寝獅子の源流とは?石川県小松市串町で獅子の舞い方を調査

10月25日

10:00~13:00

よこえ酒店の横江博昭さんにお話を伺った。先日、片山津温泉で獅子舞の取材をしたときに、能登半島田鶴浜から来た建具職人である山口半次郎が明治時代に獅子舞を伝えたことを知った。そして、その獅子舞が周辺の柴山町、新保町、高塚町などに伝えられたこともわかった。この流れのなかで、片山津温泉から小松市串町にも獅子舞が伝えられたことも知り、片山津温泉ではすでに1度途絶えてしまった寝獅子の舞いを今にとどめている。昔の寝獅子の舞い方はどのようであったのか?を知る良い機会だと思ったので、今回取材を申し入れた。こまつの曳山交流館みよっさの橘さんに、串町公民館の方をご紹介いただき、それから横江さんをご紹介いただいた流れである。

 

横江さんが経営されている酒屋にお邪魔した。昔、寝獅子は人を楽しませる演劇的な要素が強い演目だったのかもしれない。

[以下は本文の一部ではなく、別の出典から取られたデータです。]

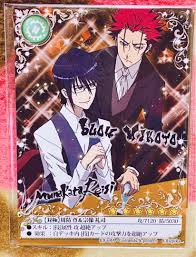 「宗像礼司」の画像検索結果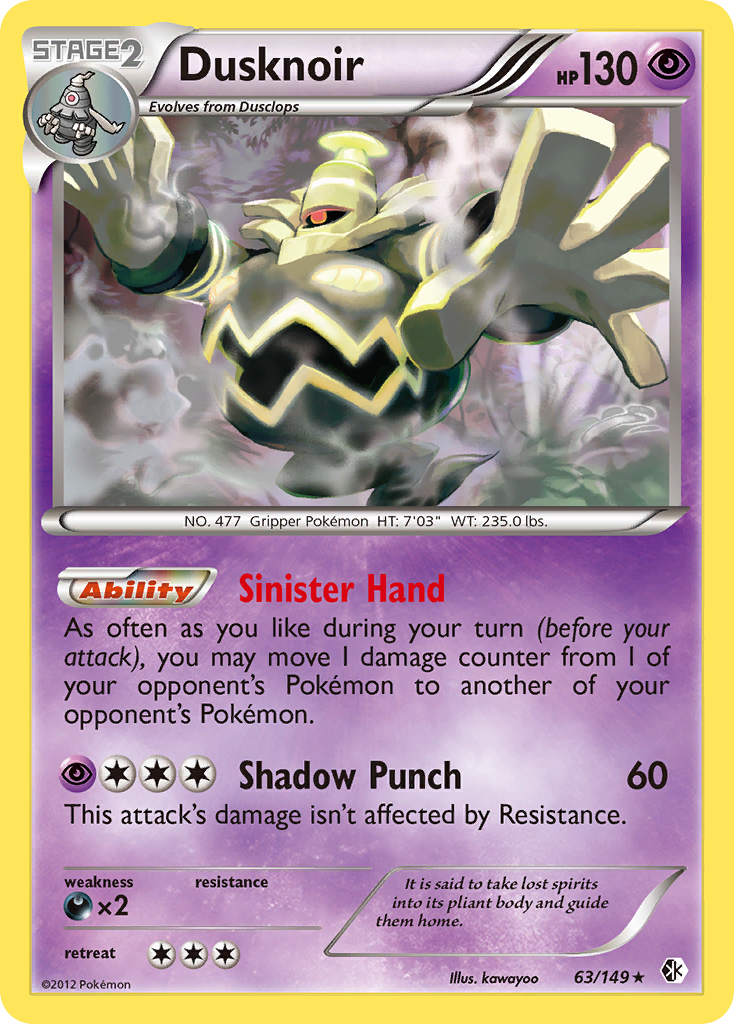 Dusknoir (63/149) [Black & White: Boundaries Crossed] | Game Haven TX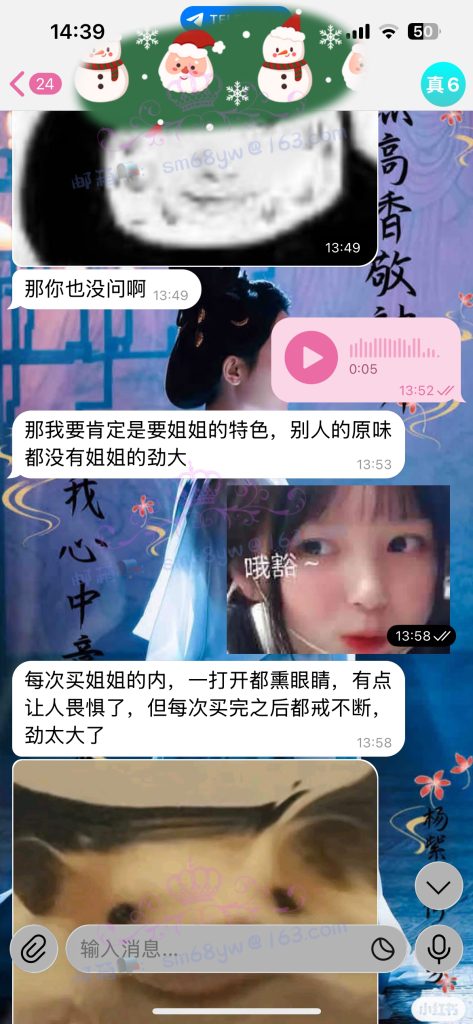 图片[14] - 天生女控四爱经验，萝莉祖奶奶羞辱M，恭请圣物有实人验证 - 基地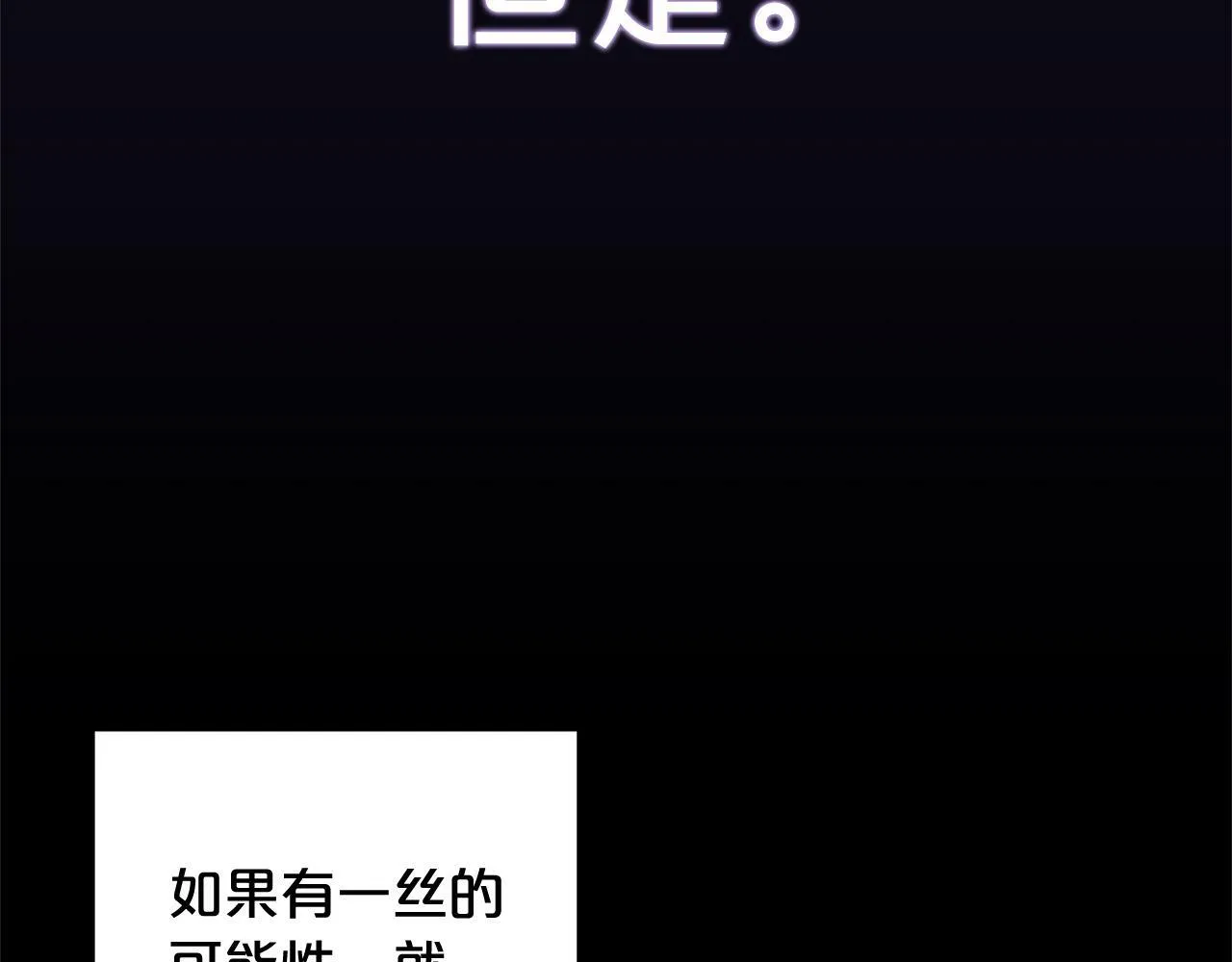第8话 找茬 第11页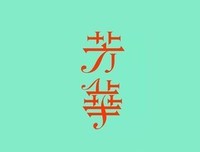 年华促，人易老，君安好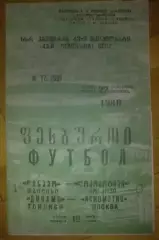 Динамо Тбилиси - Локомотив Москва 1980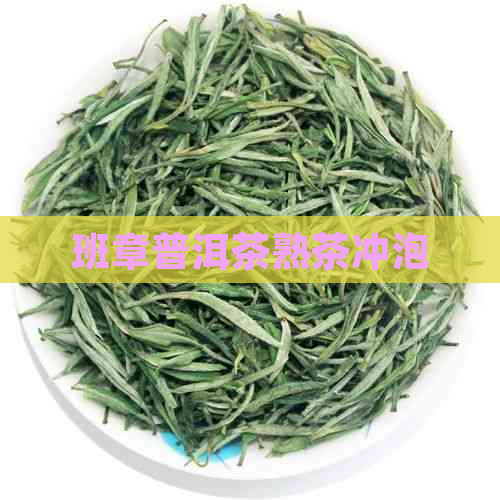 班章普洱茶熟茶冲泡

加賀市潮津町の寝獅子の動画を横江さんにお見せしたところ、物語の顛末が寝獅子にはあったが今ではそれが少し崩れているようだ。一方で、今では一瞬一瞬のおどける面白みを意識するようになったということかもしれない。寝獅子とはいえ、今と昔では大事にするものが少し異なっているようにも感じた。その後、串町公民館で、串町の寝獅子について拝見したところ、棒振りとひょっとこを折衷したような踊りをしていることがわかった。ひょっとこが獅子を棒で突いたり鼻に棒を突っ込んだりしてからかっているところまでは滑稽だったのだが、それに反応した獅子がひょっとこに噛み付くという場面にギョッとした。まるで人間が動物に食われるみたいだ。最後は獅子が退治されるのだが、顔が横倒しになって終了となった。加賀市側では、潮津町が片山津温泉由来の寝獅子をやっているが、ひょっとこは獅子に酒を飲ませるものの、獅子に噛みつかれることはなくひたすら逃げるのみだ。最後は獅子頭が太鼓の上に置かれて終了となる。加賀市潮津町と小松市串町でそれぞれ寝獅子の形態の発展の仕方が違っていたと思われる。

 

▼旧公民館で現在使用している獅子を持つ横江さん。背後の黒板には、獅子舞の本番の日程が書かれている。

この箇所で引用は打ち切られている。